Saturday, May 20, 2006

 

KIBWEZI ARID LAND PROJECT

For many years I have entertained the feeling that Kenya would be capable of turning her arid lands into an oasis of agricultural produce. The collapse of the Kibwezi project proves me wrong. This modest effort at dry farming was, according to reports, bringing in one million shillings a month in profits. It had an annual input of some fifty million shillings in donor support from the Israeli and American governments. When the Israelis were running the project it was a model of what a country can do with whatever nature has given you. They set up the project and for ten years run it profitably alongside Kenyans who were to take over thereafter. No sooner had the foreigners walked out than the indigenous well learned rightful owners took over and turned the project into a cash cow to feed their avarice and greed. They not only looted the profits but also the produce. They milked the cow dry forgetting you need to give it fodder for it to produce more milk. The 12,000 acres of model farming have been turned to acres of shame and failure. Let us not forget that this project is located right in the middle of Kamba land where famine is a perennial phenomenon. Year in year out we are treated to pictures of people queuing for meager hand out of famine relief maize and other dry rations. This project was not only a net employer but also a net producer of edible and nutritious commodities.

One does not need to be a professor of agriculture to know the potential that our dry lands have in transforming the food production capacity of our nation. With planning and management we should be net exporters of agricultural commodities. With the example set by Kibwezi, is it any wonder that we are a perennial begging nation? Simple economic management is all was needed not only to sustain the project but to also expand it and commission other projects in other areas.

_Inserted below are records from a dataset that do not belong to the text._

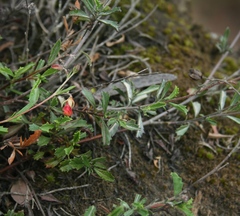 Hermannia flammea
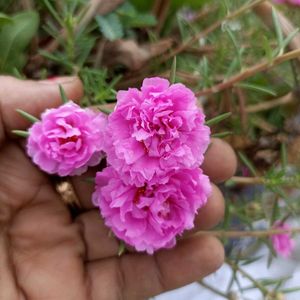 Combo Of Bud Rose/9&#39;o Clock
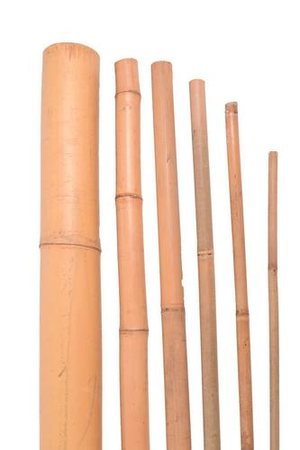 Bambus 3,8-4cm, 3ks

The current deluge of floods will definitely be followed by prolonged drought, just like the one that preceded it. All this water will eventually be washed into the ocean and with it much of the fertile alluvial soil from our slopes and rangelands. Other than trapping this water for hydro power generation, we hardly utilize it for anything else. Even in the dry areas there are no simple dams built to hold the water for the livestock for at least a few weeks after the rains subside. We must change our focus and style of management. Unless we learn to conserve the few resources we have we cannot expect the donor community to have faith in our ability to manage the billions we go begging each year. Is it any wonder that we are not warmly received by the donor community? Yes we will wax wild that we can do without them, but what are we doing to ourselves? If we were able to sustain projects like Kibwezi and added others from our own resources, then we can afford to thump our chests. Right now it is empty rhetoric and utter futility at covering our shame and failure in management.

After the highlight of the collapse of the Kibwezi project, I am tempted to expect a commission will be appointed to look at the causes of the failure of the project. The report will be filed somewhere and in the meantime the rot will continue and the culprits will still be enjoying their ill gotten wealth. After some time we will be looking for billions to revive the project. This is the banal nature of Kenyan leadership. Start a project with pomp and gusto, invite the top echelons to launch it, talk about its importance in launching our nation into the technological age and our becoming an industrial nation, then like a phantom disappear until the next donor meeting or elections. Look at the Muhoroni rice project; look at the cotton industry; look at the perennial hunger in northern Kenya; look at the perennial floods in Kano and Budalang’i; not to include the roads that are never maintained but need to be rebuilt every few years; the drainage systems in urban centers that drain only the allocated resources and not the storm waters, the list is endless.

Our professors who were running the Kibwezi project must have taught some students some agricultural management, or even economics and administration. I am sure one such graduate could do a much better job in running the whole enterprise and leave the professor to do what they are best at, teaching in the classroom. The culture of appointing managers on the basis of political correctness or tribal balance goes negative to the principles of management which look at the innate qualities of the manager. We must address the issue of corruption, correct the evils of the past and punish the guilty. We must at the same time look ahead and commission the utilization of the arid lands for agricultural production. We can never rise from abject poverty if we cannot feed ourselves, and we cannot feed ourselves if we cannot manage our production capacity and exploit our full potential. Kibwezi must not be allowed to become a national shame.